Lack of competitive advantages may mean these companies aren't the bargains they seem to be.

In researching stocks it's easy to get excited when finding a name with a Morningstar Rating of 5 stars attached to it. After all, that 5-star rating means the stock is selling well below our equity team's estimate of its fair market value, and buying underpriced stocks and holding them until they appreciate is a time-tested investment strategy.

But don't let the twinkle of all those stars blind you from other important factors to consider before buying. Among the most important of these is the stock's moat rating, or ability to sustain its competitive advantage for years to come.

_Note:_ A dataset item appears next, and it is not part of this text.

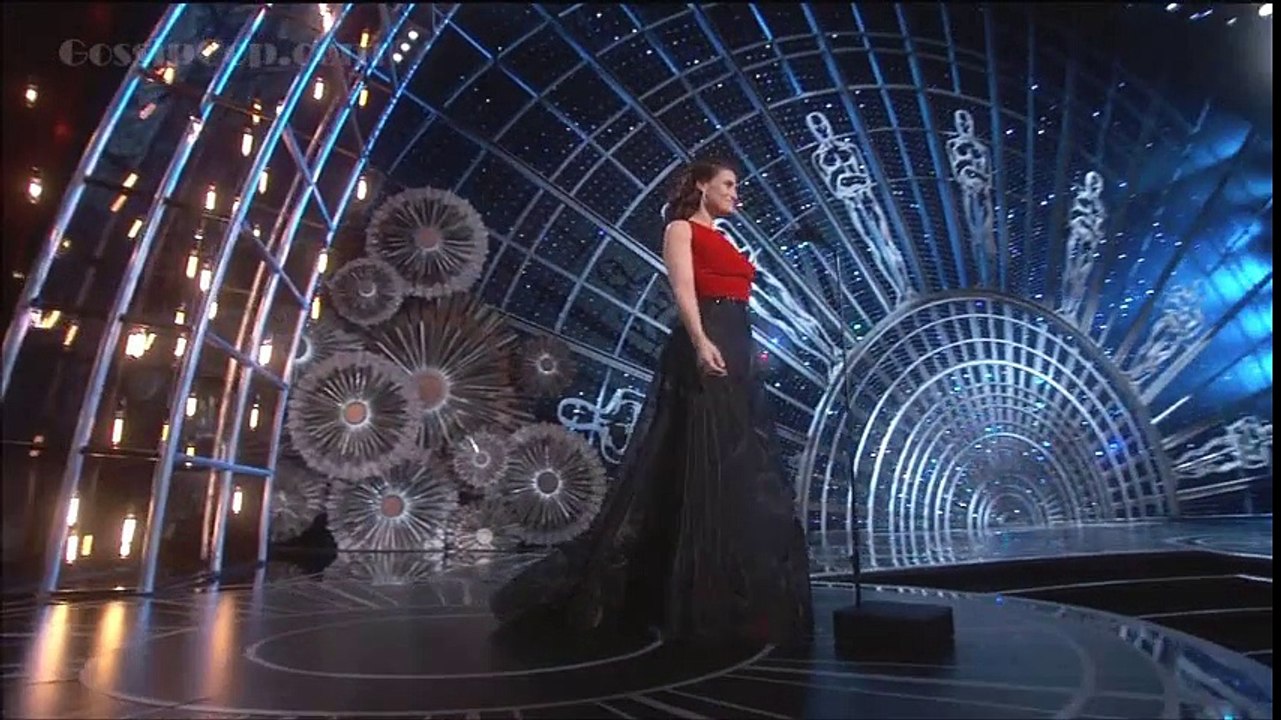 Idina-Menzel-John-Travolta-oscar2015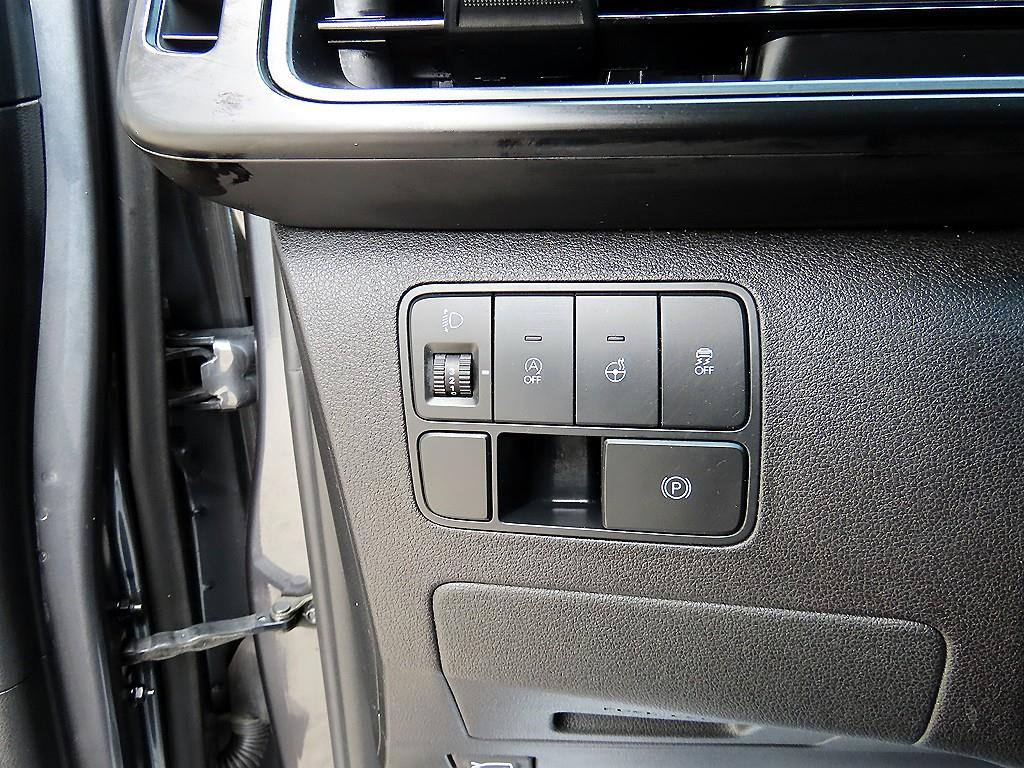 HYUNDAI Staria - Vista 12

Moats can be built in a number of different ways, and Morningstar analysts assign narrow- or wide-moat ratings to companies with these characteristics depending on the extent of the advantage. Then there are companies that carry a no-moat rating, meaning they have no competitive advantage. This could be because the company operates in a highly competitive industry in which building such an advantage is difficult, or simply because the company has not found a way to develop one.

One caveat that comes with 5-star, no-moat stocks is the fact that no-moat stocks' fair value estimates tend to have higher fair value uncertainty ratings than do stocks with moat ratings. That's because stocks with sustainable competitive advantages tend to be more predictable in terms of fundamental performance, which makes it easier to estimate their fair value with greater precision. The greater the fair value uncertainty rating, the greater the margin of safety required for a stock to reach a range at which it is considered highly undervalued. (Read more about uncertainty ratings here.)  For example, a stock with a high uncertainty rating must trade at a discount of at least 40% to its fair value estimate to be rated at 5 stars whereas one with a low uncertainty rating needs to trade at merely a 20% discount.

Aside from fair value uncertainty, investors should keep in mind that no-moat companies operate on a more competitive playing field than do stocks with moats. For example, a wide-moat stock like  Google (GOOG), which dominates the Internet-search space, clearly has competitive advantages in its industry whereas
 Gap (GPS), which operates in the highly competitive retail clothing industry, has no moat. The uncertainty created by greater competition means a no-moat stock may offer a bumpier ride than a wide- or narrow-moat stock and therefore require closer monitoring. 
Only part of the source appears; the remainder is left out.